Kasinibon füllte ihre Weinschalen auf. Furvain hatte den ganzen Abend über so zurückhaltend wie möglich getrunken, doch Kasinibons Gastfreundschaft war unerbittlich, und mit der Zeit spürte Furvain, wie seine Wangen heiß wurden. Er war am Ende ein wenig benommen, und Kasinibon hatte bereits den glasigen Blick eines Betrunkenen.

Er hatte auf eine weitschweifige, gewundene Weise zu erzählen begonnen, und Furvain konnte kaum folgen, als er etwas über einen erbitterten Familienstreit erfuhr, über einen Streit mit dem älteren Bruder wegen einer Frau, der großen Liebe seines Lebens vielleicht, und über ein Gesuch an den Vater, worauf dieser zugunsten des anderen Bruders entschieden habe. Die Geschichte kam Furvain freilich recht vertraut vor — der Bruder, der alles an sich zog, der ferne, gleichgültige adlige Vater, der den jüngsten Sohn mit beiläufiger Geringschätzung behandelte. Doch da Furvain weder besonderen Ehrgeiz noch viel Temperament besaß, hatten diese Enttäuschungen seine Jugend nicht wirklich überschatten können. Er lebte von je in dem Gefühl, dass er für seinen tatkräftigen Vater und die habgierigen, kämpferischen Brüder mehr oder weniger unsichtbar war. Er rechnete bestenfalls mit Gleichgültigkeit von ihrer Seite und war nicht überrascht, dass er genau dies bekam. So hatte er sich selbst ein halbwegs befriedigendes Leben eingerichtet, das letztlich auf der Überzeugung beruhte, man werde, je weniger man erwartete, umso weniger Unzufriedenheit mit dem Leben entwickeln.
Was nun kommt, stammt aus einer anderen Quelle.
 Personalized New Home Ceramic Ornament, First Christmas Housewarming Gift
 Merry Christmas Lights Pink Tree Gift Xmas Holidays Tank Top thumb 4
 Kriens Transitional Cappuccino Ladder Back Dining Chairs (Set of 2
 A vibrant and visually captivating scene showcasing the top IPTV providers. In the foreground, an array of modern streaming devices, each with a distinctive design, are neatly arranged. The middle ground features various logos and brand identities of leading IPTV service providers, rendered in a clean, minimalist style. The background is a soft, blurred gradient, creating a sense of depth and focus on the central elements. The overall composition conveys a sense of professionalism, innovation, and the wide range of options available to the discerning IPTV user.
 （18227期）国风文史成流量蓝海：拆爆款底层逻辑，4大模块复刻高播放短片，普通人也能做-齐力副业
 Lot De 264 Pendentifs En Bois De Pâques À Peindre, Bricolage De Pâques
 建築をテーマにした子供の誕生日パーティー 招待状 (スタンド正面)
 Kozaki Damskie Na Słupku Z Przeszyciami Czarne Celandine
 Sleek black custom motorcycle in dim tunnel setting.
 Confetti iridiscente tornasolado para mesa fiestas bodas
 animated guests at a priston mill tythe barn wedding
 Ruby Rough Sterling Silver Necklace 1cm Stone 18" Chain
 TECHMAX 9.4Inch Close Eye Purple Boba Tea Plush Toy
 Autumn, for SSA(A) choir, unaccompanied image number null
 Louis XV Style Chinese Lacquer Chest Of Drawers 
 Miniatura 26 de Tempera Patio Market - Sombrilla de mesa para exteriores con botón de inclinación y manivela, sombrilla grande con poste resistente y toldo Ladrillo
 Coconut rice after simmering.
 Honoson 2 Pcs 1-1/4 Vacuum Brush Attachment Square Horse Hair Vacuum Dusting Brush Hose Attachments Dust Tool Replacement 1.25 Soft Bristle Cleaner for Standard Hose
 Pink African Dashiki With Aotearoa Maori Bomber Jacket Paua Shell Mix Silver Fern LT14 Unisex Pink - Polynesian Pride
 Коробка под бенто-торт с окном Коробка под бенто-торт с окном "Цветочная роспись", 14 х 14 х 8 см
Kasinibon dagegen war aus einem ganz anderen Holz geschnitzt. Er war hitzköpfig und zielstrebig, und seine Auseinandersetzung mit dem Bruder war mit großer Schärfe geführt worden und hatte schließlich sogar zu einem körperlichen Angriff Kasinibons geführt — ob auf den Bruder oder den Vater, wusste Furvain nicht genau zu sagen. Schließlich hatte Kasinibon es jedenfalls für ratsam gehalten, aus Kekkinork zu fliehen, oder vielleicht war er auch vertrieben worden — auch hier war Furvain nicht sicher —, und er war viele Jahre umhergestreift, bis er hier in Barbirike den Ort fand, an dem er eine Befestigung anlegen und sich gegen jeden verteidigen konnte, der es etwa wagte, seine unfreiwillige Unabhängigkeit infrage zu stellen.